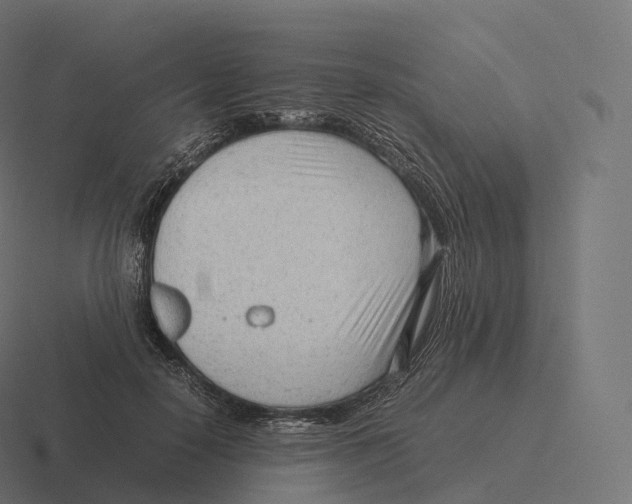 X0000116310650200912291452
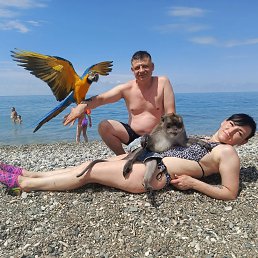 �����, 39 ���, ���
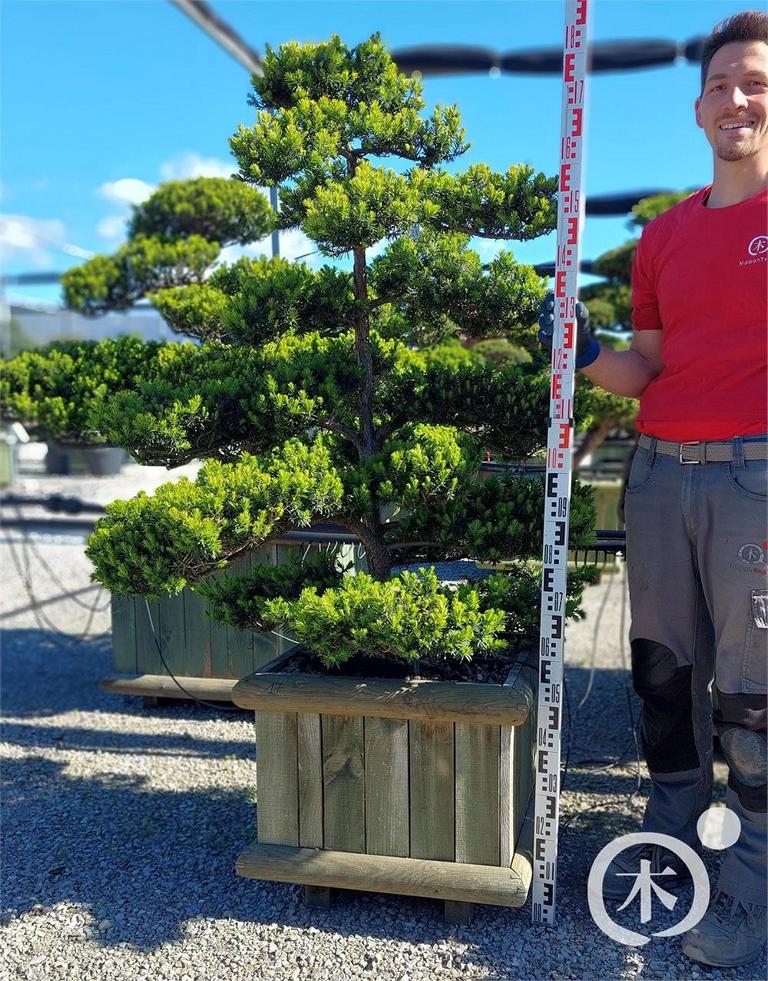 Taxus cuspidata Bonsai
____________________
> **EXERCISE**:
Only text belongs in the copy: repeat each line of the data exactly and leave out the pictures.

> **WRITTEN SOLUTION**:
 X0000116310650200912291452
 �����, 39 ���, ���
 Taxus cuspidata Bonsai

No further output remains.